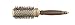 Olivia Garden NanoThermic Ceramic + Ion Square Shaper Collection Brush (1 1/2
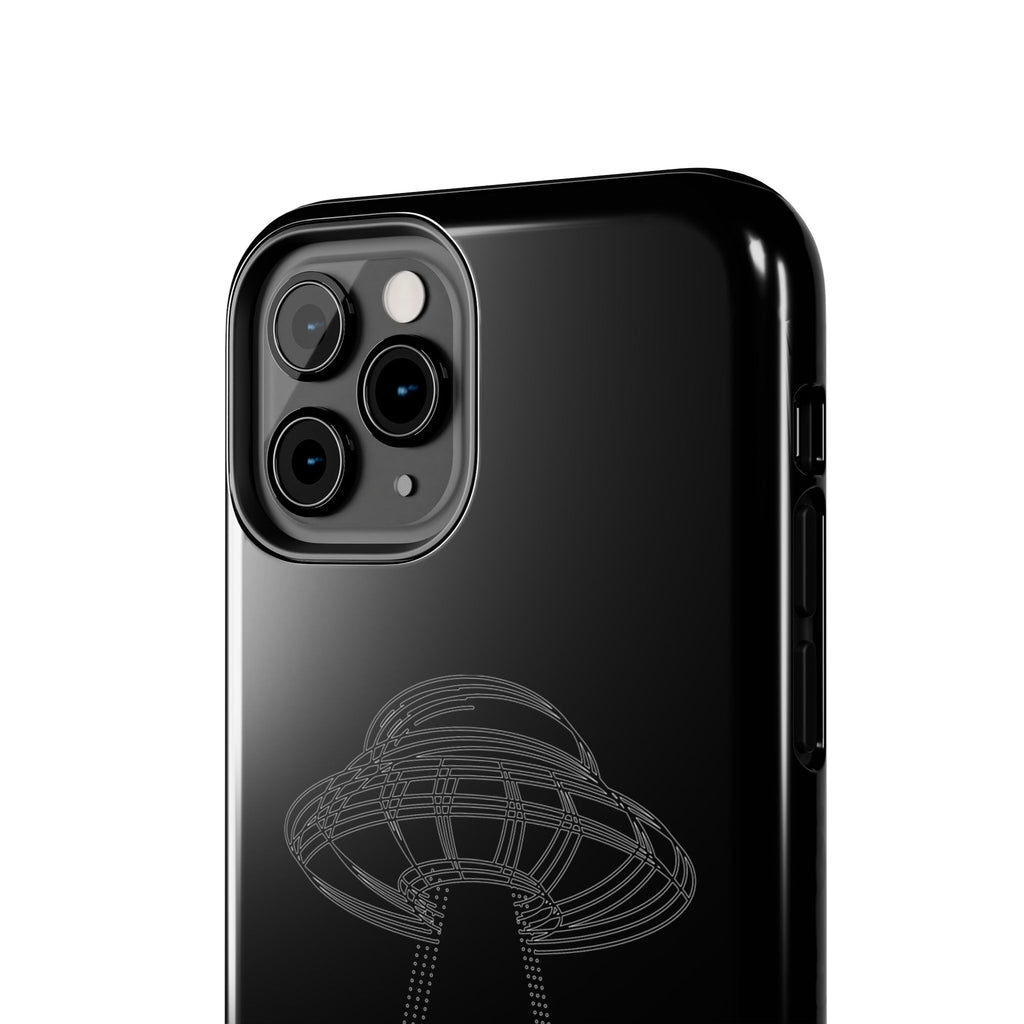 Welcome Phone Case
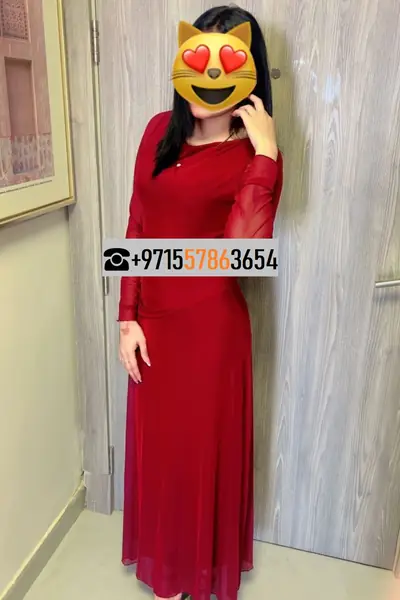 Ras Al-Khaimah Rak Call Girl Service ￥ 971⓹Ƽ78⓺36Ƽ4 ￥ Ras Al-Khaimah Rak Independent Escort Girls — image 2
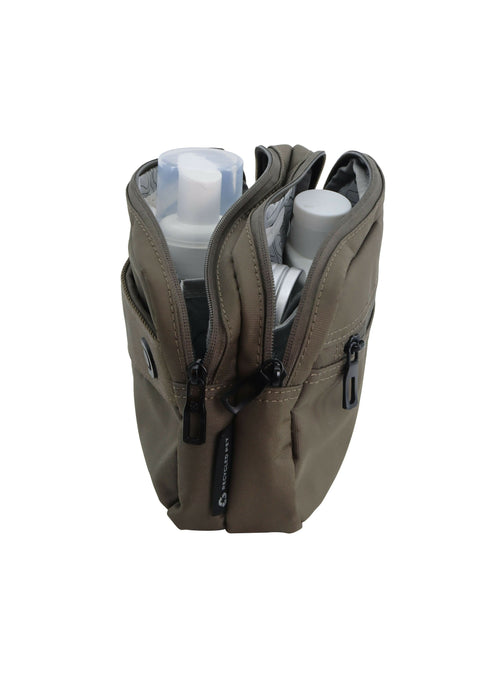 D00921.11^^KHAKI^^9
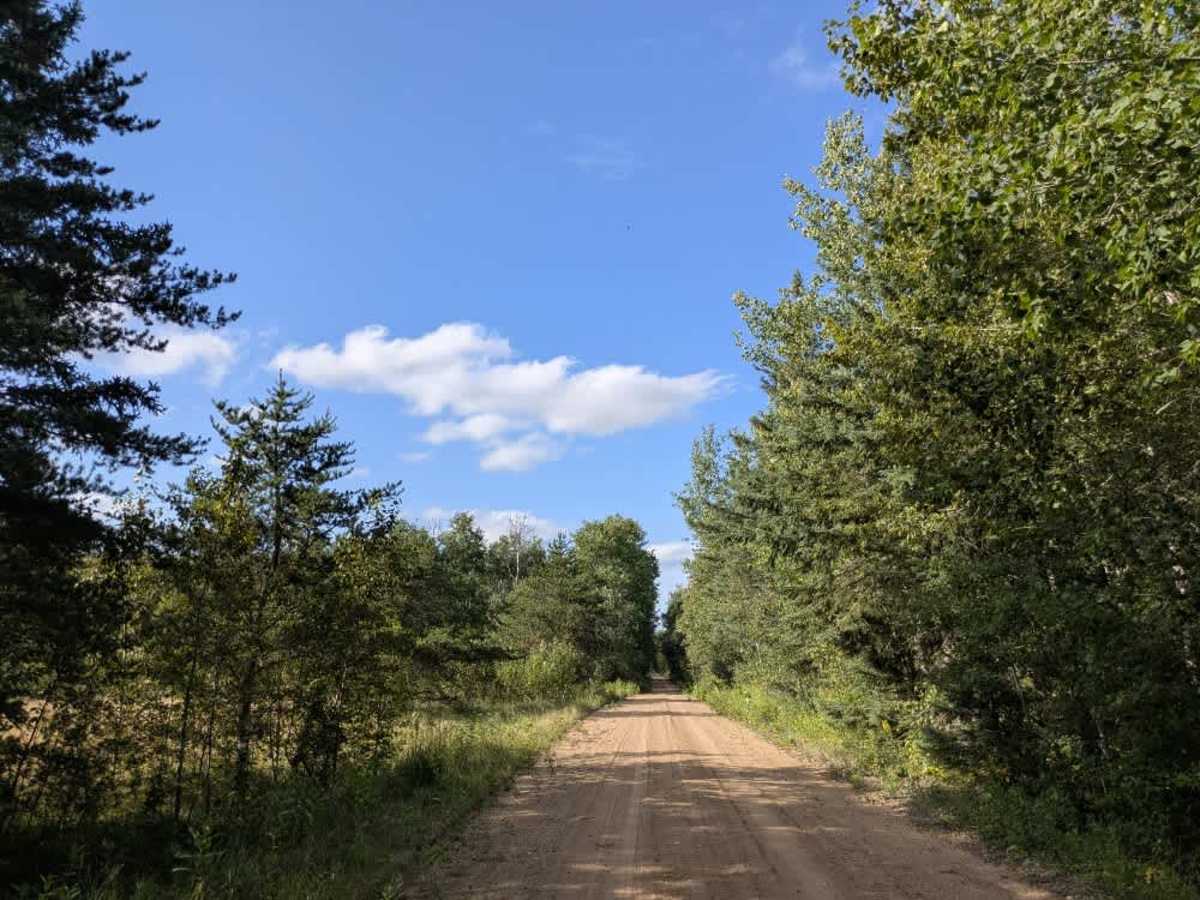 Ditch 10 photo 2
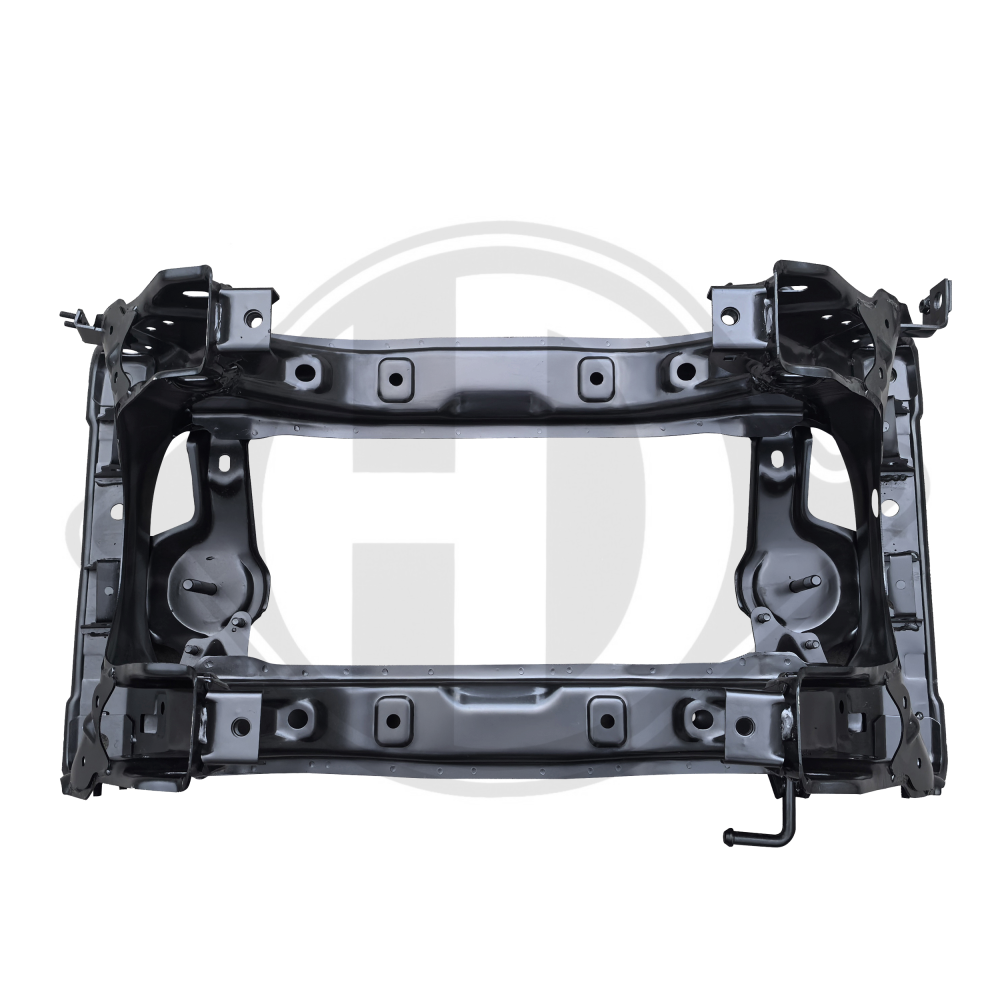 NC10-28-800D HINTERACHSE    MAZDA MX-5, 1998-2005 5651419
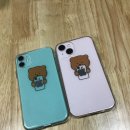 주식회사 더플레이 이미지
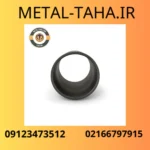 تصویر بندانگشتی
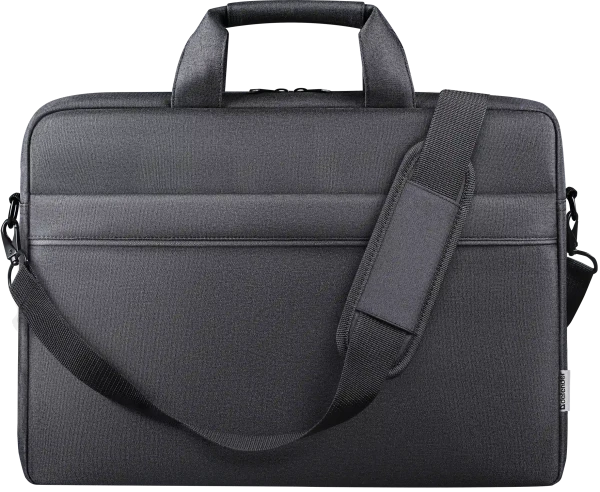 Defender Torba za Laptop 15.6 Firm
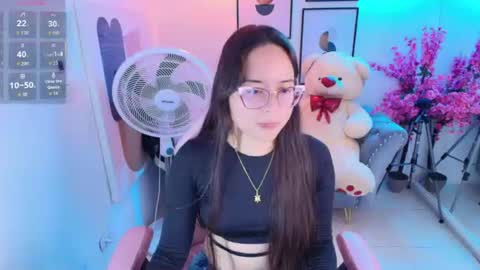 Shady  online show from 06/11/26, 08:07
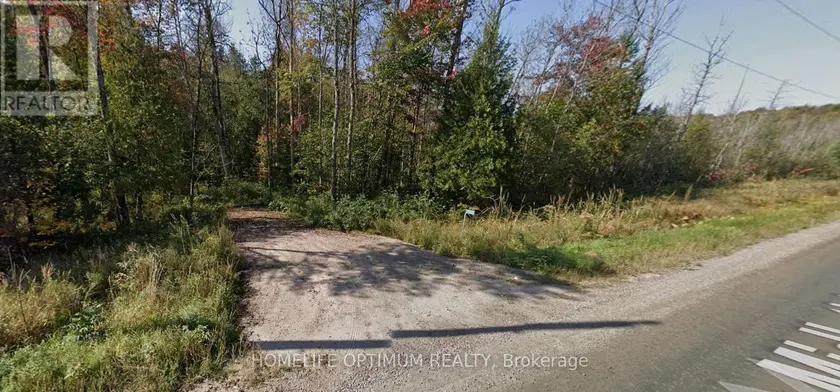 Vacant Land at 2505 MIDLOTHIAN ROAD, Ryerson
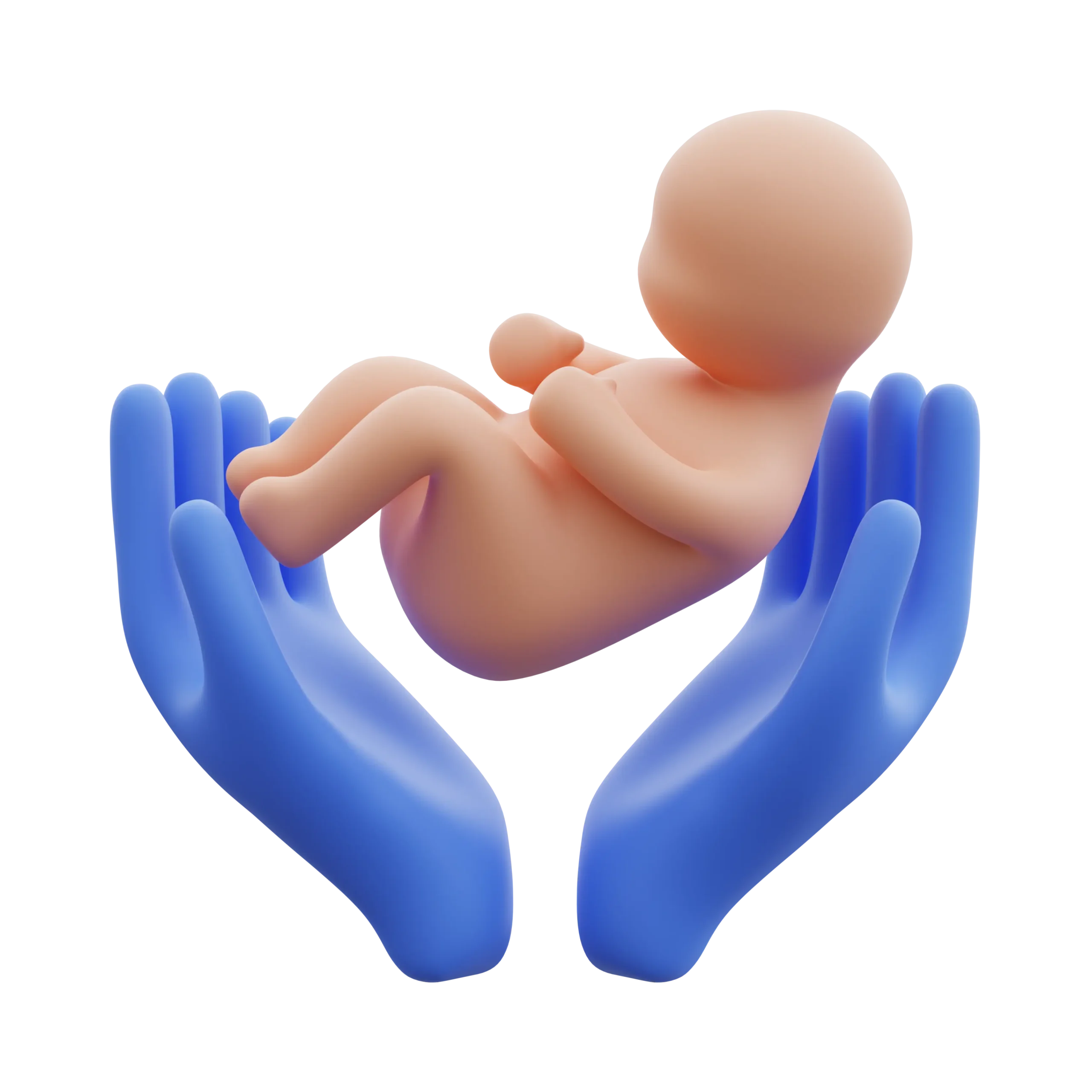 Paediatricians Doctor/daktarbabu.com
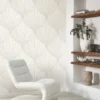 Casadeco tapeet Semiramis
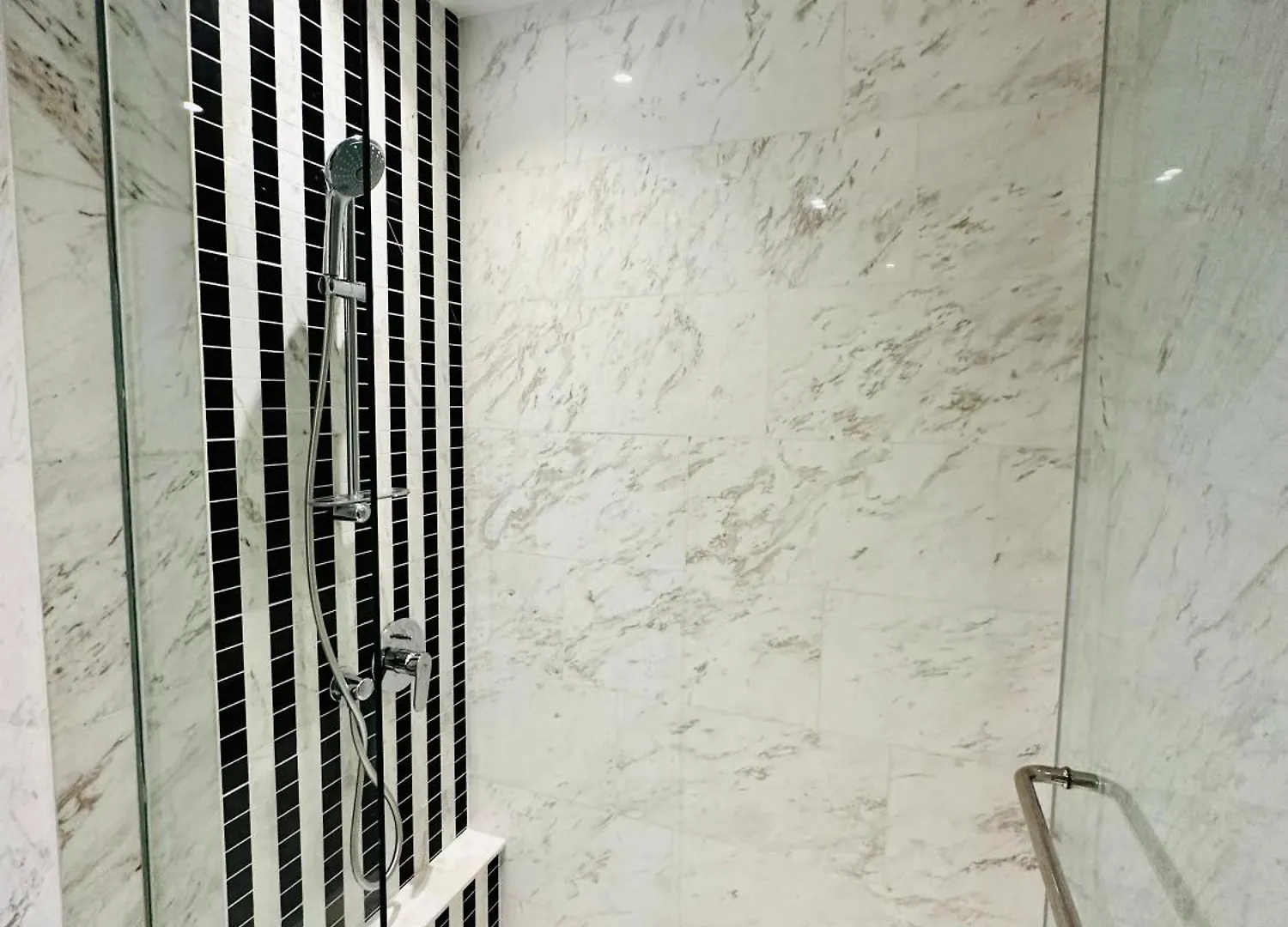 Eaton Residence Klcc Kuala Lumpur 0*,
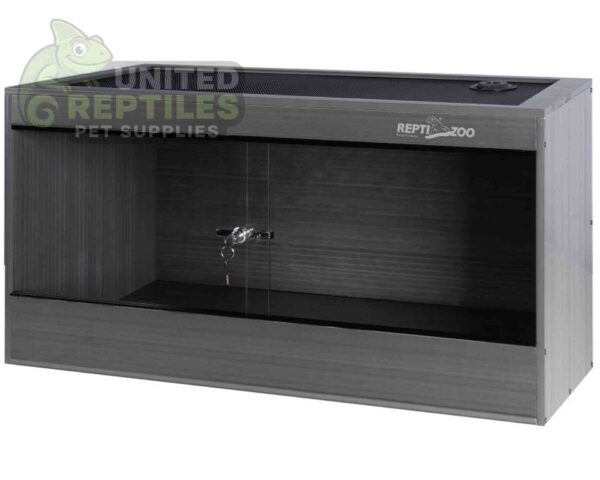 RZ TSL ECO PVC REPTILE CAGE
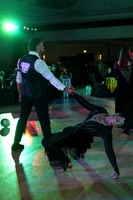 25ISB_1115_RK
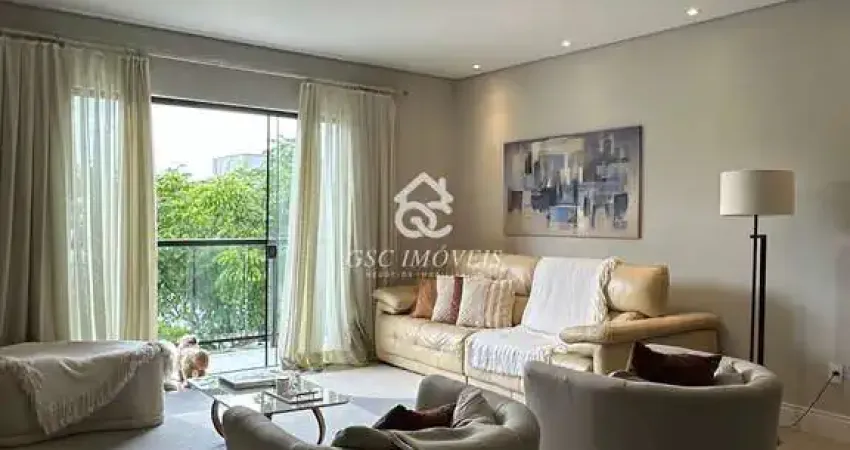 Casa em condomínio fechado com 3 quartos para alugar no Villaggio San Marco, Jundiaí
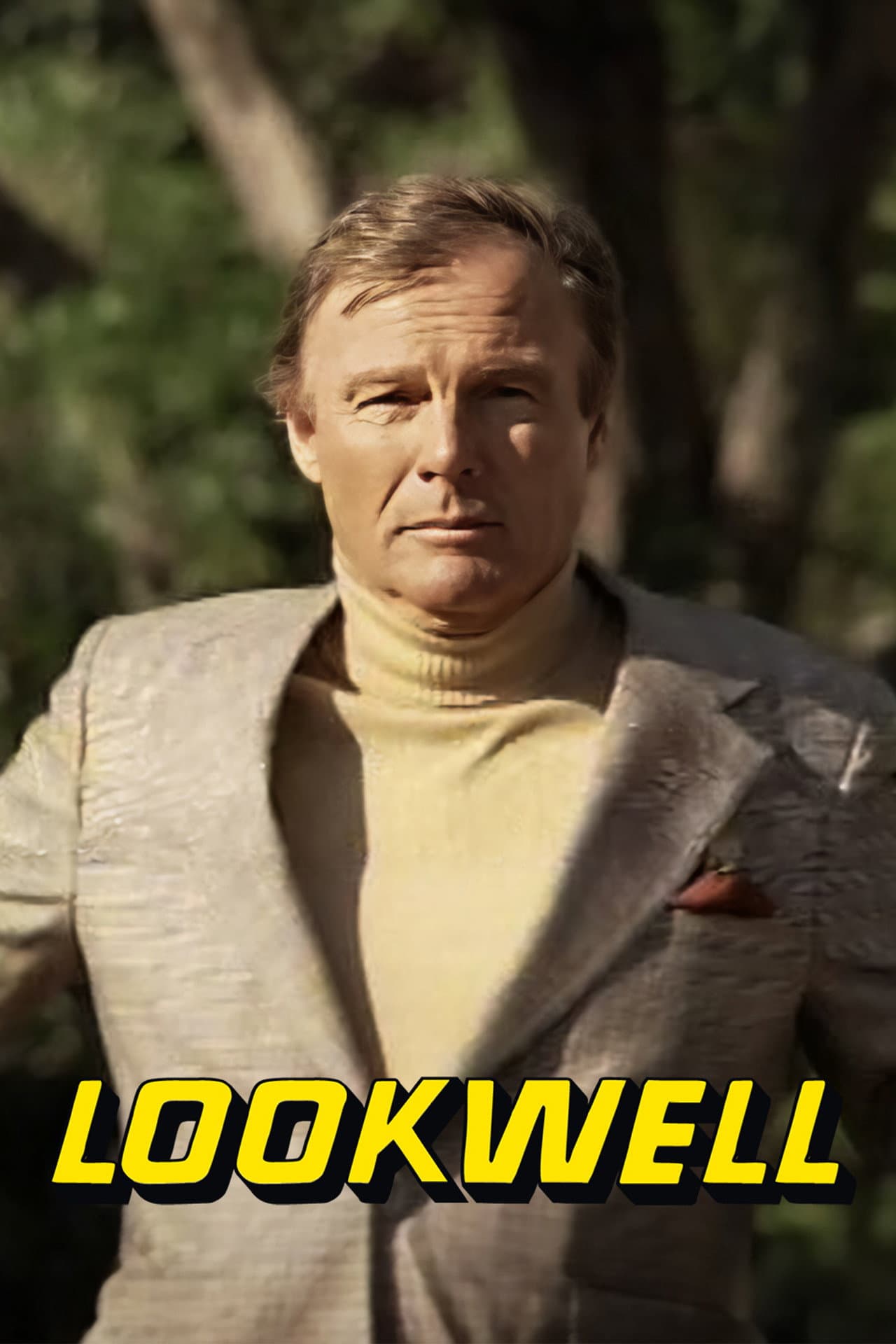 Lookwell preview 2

*****

Task objective
From the line containing "Vacant Land at 2505 MIDLOTHIAN ROAD, Ryerson" to the last line of the material, every line is to be reproduced exactly. No picture belongs in the copy.

Response area
 Vacant Land at 2505 MIDLOTHIAN ROAD, Ryerson
 Paediatricians Doctor/daktarbabu.com
 Casadeco tapeet Semiramis
 Eaton Residence Klcc Kuala Lumpur 0*,
 RZ TSL ECO PVC REPTILE CAGE
 25ISB_1115_RK
 Casa em condomínio fechado com 3 quartos para alugar no Villaggio San Marco, Jundiaí
 Lookwell preview 2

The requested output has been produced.